[Source records]
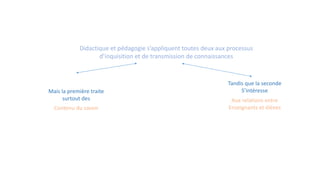 Didactique et pédagogie s’appliquent toutes deux aux processus
d’inquisition et de transmission de connaissances
Contenu du savoir
Mais la première traite
surtout des Aux relations entre
Enseignants et élèves
Tandis que la seconde
S’intéresse
 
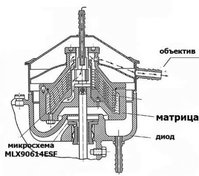 shema-teplovizora1.jpg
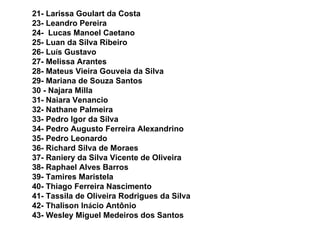 21- Larissa Goulart da Costa 23- Leandro Pereira 24-  Lucas Manoel Caetano 25- Luan da Silva Ribeiro 26- Lu í s Gustavo 27- Melissa Arantes 28- Mateus Vieira Gouveia da Silva 29- Mariana de Souza Santos 30 - Najara Milla 31- Naiara Venancio 32- Nathane Palmeira 33- Pedro Igor da Silva 34- Pedro Augusto Ferreira Alexandrino 35- Pedro Leonardo 36- Richard Silva de Moraes 37- Raniery da Silva Vicente de Oliveira 38- Raphael Alves Barros 39- Tamires Maristela 40- Thiago Ferreira Nascimento 41- Tassila de Oliveira Rodrigues da Silva 42- Thalison In á cio Antônio 43- Wesley Miguel Medeiros dos Santos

▸ REQUIRED ACTION:
Omit the pictures. Print, word for word, the lines from the beginning of the entries above through the line that holds "shema-teplovizora1.jpg".

▸ RESPONSE TO THIS TASK:
 Didactique et pédagogie s’appliquent toutes deux aux processus
d’inquisition et de transmission de connaissances
Contenu du savoir
Mais la première traite
surtout des Aux relations entre
Enseignants et élèves
Tandis que la seconde
S’intéresse
 
 shema-teplovizora1.jpg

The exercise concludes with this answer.